Isn’t it all, really, kind of “academic”? Something you might write about in a school essay?
Shame on me for ever doubting its importance—because understanding worldview issues helped reveal a serious spiritual battle facing a young mom I know.
Here’s how it all began.
I posted something on Facebook a few weeks ago about a paper my son brought home from school around Earth Day. The teacher handed out an EPA-produced cartoon sheet showing kids ways they could protect the environment—seemed rather benign at first.
This cartoon calendar offered specific earth-protecting suggestions for each month. And, for the month of February, the suggestion was to write a “love letter” to the earth. It even showed a cartoon example of what a child might write, “Dear Earth,” the cartoon began. “How do I love thee? Let me count the ways…”
Call me old-fashioned, but I would rather someday (and I mean a long, l-o-n-g time from now) have my children write a love letter to a sweetheart, not the earth.

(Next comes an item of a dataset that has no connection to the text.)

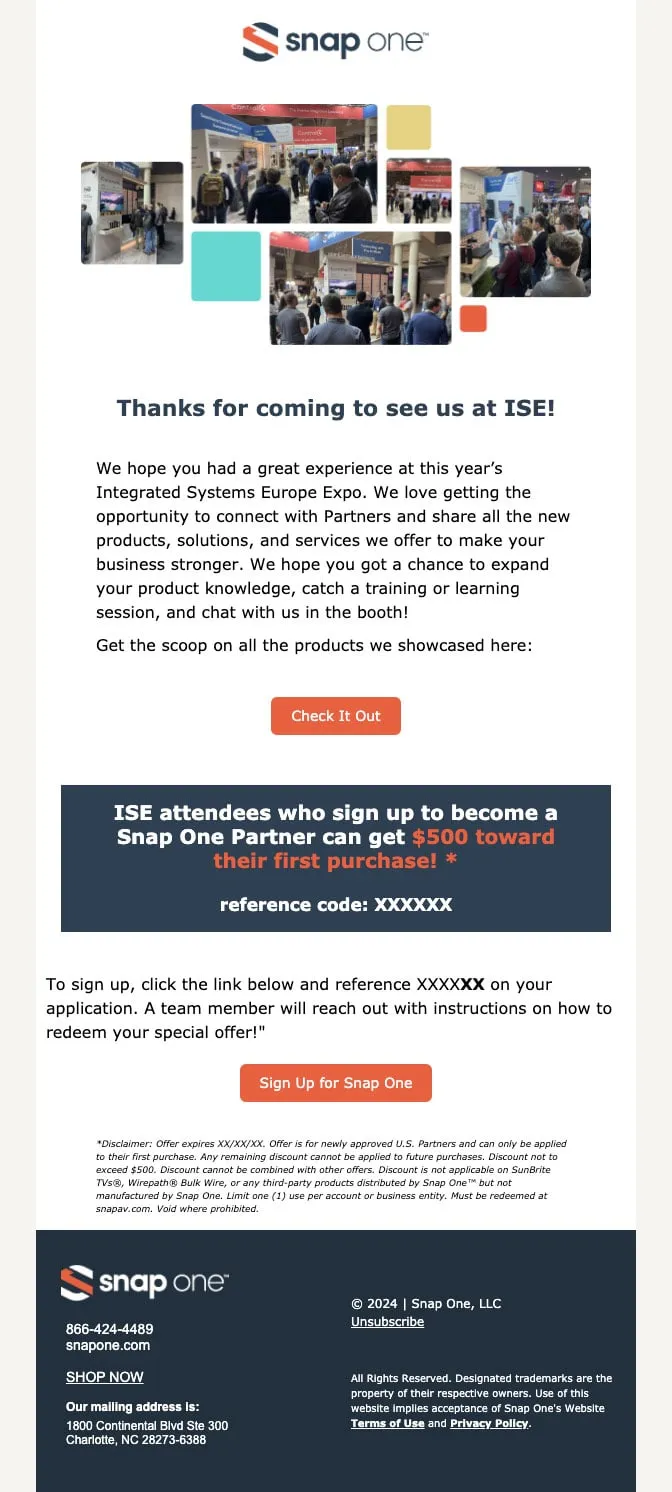 Thank-you email after a trade show with event photos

So I made a joke about this on Facebook. And I was stunned by one response.
This young mother of two thought it was a great idea and couldn’t understand why I would object.
My first instinct? Post a sharp rebuttal.
But I resisted.
Instead I sent a private message, probing her reasons for loving the idea and further explaining my concerns as a parent (saying the love letter idea came near—or crossed over—a line into encouraging a pagan earth worship).
Her next reply stunned me. She said that she could appreciate my view, since she knew I was a Christian. She said that she’s an atheist so it didn’t bother her at all.
Whoa. I didn’t see that coming.
Sometimes, when we learn about our friends or relatives’ views on social issues, political debates, spiritual matters or even parenting philosophies, we can have profound insights into their worldviews.
Those opinions give us insights into how our loved ones view the world. And that’s like having a powerful window into their souls. An example?
Let’s say you know someone who believes the earth is billions of years old. It was formed by chance. And the planet, including all living creatures (man, too), evolved over time by random mutations and natural processes.
In that person’s worldview, life is random…void of a Creator’s hand. Why would that person think that there would be a code of absolute “right” or “wrong”? Nature governs. And nature is neutral. Wouldn’t it seem logical, in that worldview, to believe that everyone is entitled to his or her own idea of morality or truth, even if such a thing as truth actually exists?
If nature governs—not a Creator God—then there’s not much need in that person’s worldview for faith in God.
Now don’t get me wrong. I’m not saying everyone who believes in a billions-of-years, nature-driven creation is void of a Christian faith. But I am suggesting that someone’s view on this core faith issue—and many others—can give insights into that person’s worldview.
Hot button issues provide worldview clues. And if you would like to explore this idea more, I would encourage you to study this chart from David Noebel’s Summit Ministries suggested by my sister, Lisa Cherry, who has incorporated worldview discernment in her children’s homeschool curriculum.
This visual image helps you take an issue, such as economics, and see how people with differing worldviews tend to stand. While not foolproof, the chart offers a useful tool for assessing the mindset of others based on their belief systems.
Knowing someone’s worldview can help you become a more effective witness—because then you can truly understand the blinders they may have to the one true faith in Christ. “The god of this age has blinded the minds of unbelievers, so that they cannot see the light of the Gospel of the glory of Christ.” (2 Cor. 4:4)
So what happened with my friend?
After I recovered from the shock of her revelation, I sent her a private message saying how much I appreciated her honestly sharing her faith (and, yes, even a faith in “nothing” is a faith in something).
I offered to be her sounding board on this important issue, encouraging her to test her beliefs with questions…if not for her own sake, then for the sake of her children whom she adores. I told her my hunch was that someone who professed a Christian faith may have hurt her, let her down or painted a picture of a “god” that was in no way reflective of the one true loving God who still cherishes her today. I admitted that sometimes the “god” I hear people describe is no one I would want to submit to or worship either.
So I offered truth about Jesus, my love and an open door. She hasn’t taken me up on that offer yet, but I’m encouraging her, supporting her and praying for her (and, my hunch is now that there are many others praying, too).